Geography Cat is surprised that the name hasn’t been changed already. But there’s always something pressing to do, so it’s probably been on the back burner for a while. Names are important though. Products in the marketplace have their names changed to suit different markets and different times. But the name of a nation is also the name of a people, and so it is all the more crucial.

The Cook Islands are located in the South Pacific
: By TUBS – WikiCommons

The Cook Islands are a group of 15 volcanic islands and atolls in the South Pacific. They have been inhabited since the sixth century, but only named as the Cook Islands in the early 19th century.

An atoll is a coral reef in a ring shape around the eroded crater top of an extinct volcano.

Manihiki Atoll
(Credit: NASA Earth Observatory)

Watch this clip to learn more about the formation of atolls:

Geography Cat hopes the Cook Islanders decide on a more appropriate name for themselves soon and looks forward to the celebrations. Sadly he will have to celebrate from a great distance as Geography Cat doesn’t travel well.

2 Replies to “Cook Islands (formation of an atoll)”

  1. What a fascinating process!

    I hadn’t heard of the pending name change for the Cook Islands. Can’t wait to hear what the new name will be.

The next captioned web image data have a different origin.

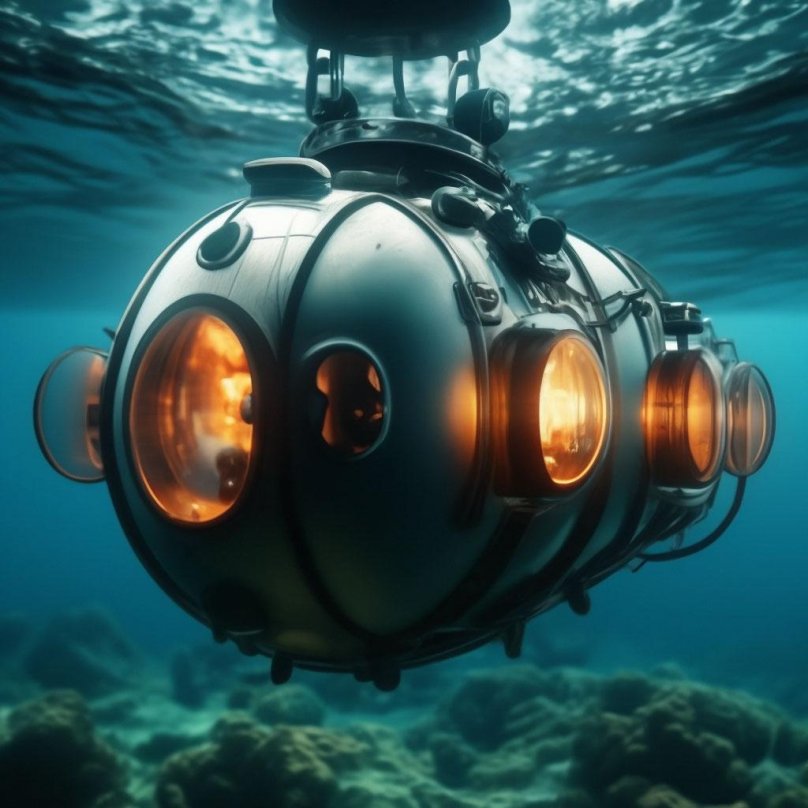 Батискаф Титан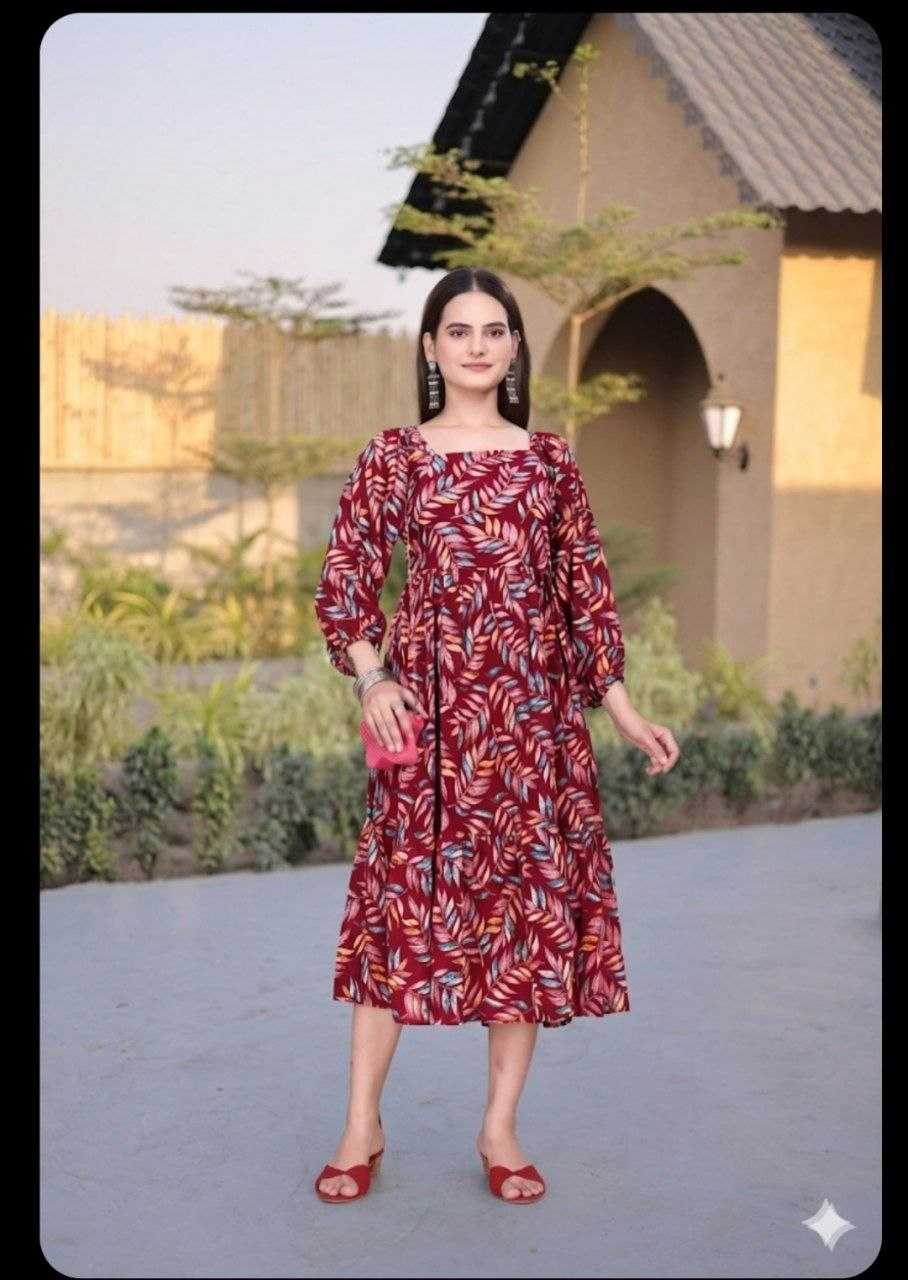 YNF Wholesale Georgette Maxi Dresses KESH121 long | Surat Manufacturer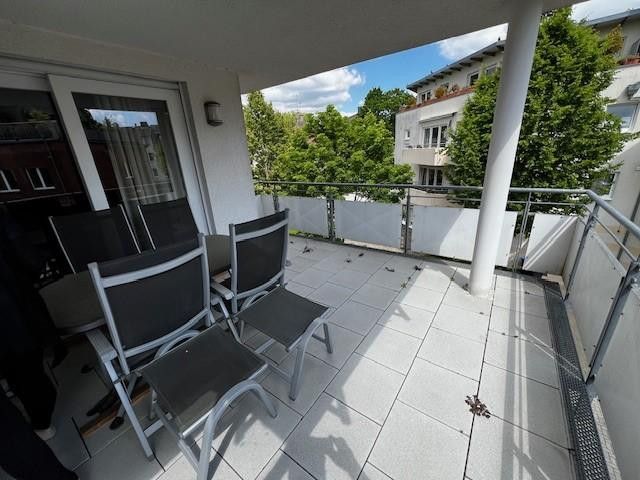 Balkonterrasse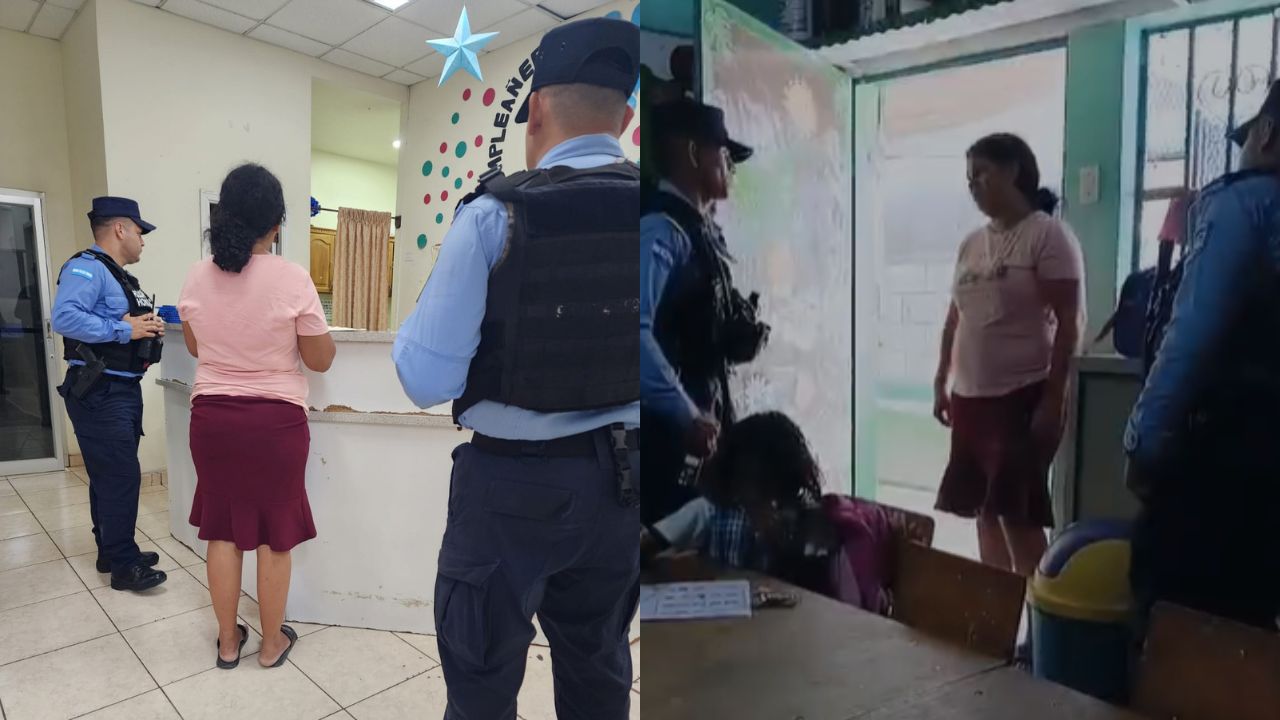 Tras amenazar a maestras, revelan que mujer es paciente psiquiátrica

  2. Countries in the Pacific are awakening and addressing their historical past. I believe the nation is focussing on its customary rights, spiritual tradition, unique languages and story telling (myths and legends) which needs to be preserved. With so many islands within a huge expanse of the Pacific ocean, the world perception of these places is unfortunately one of ignorance and ideas of a ‘one identity fits all’ attitude. The nation of the Cook Islands want their unique identity to be fully recognised as well as being a member of The Commonwealth and the Polynesian island community. It is looking to ‘shake off’ the labels of French Polynesia and Captain Cook, the British explorer. The current name alludes to being ‘conquered’ by greater tribal nations.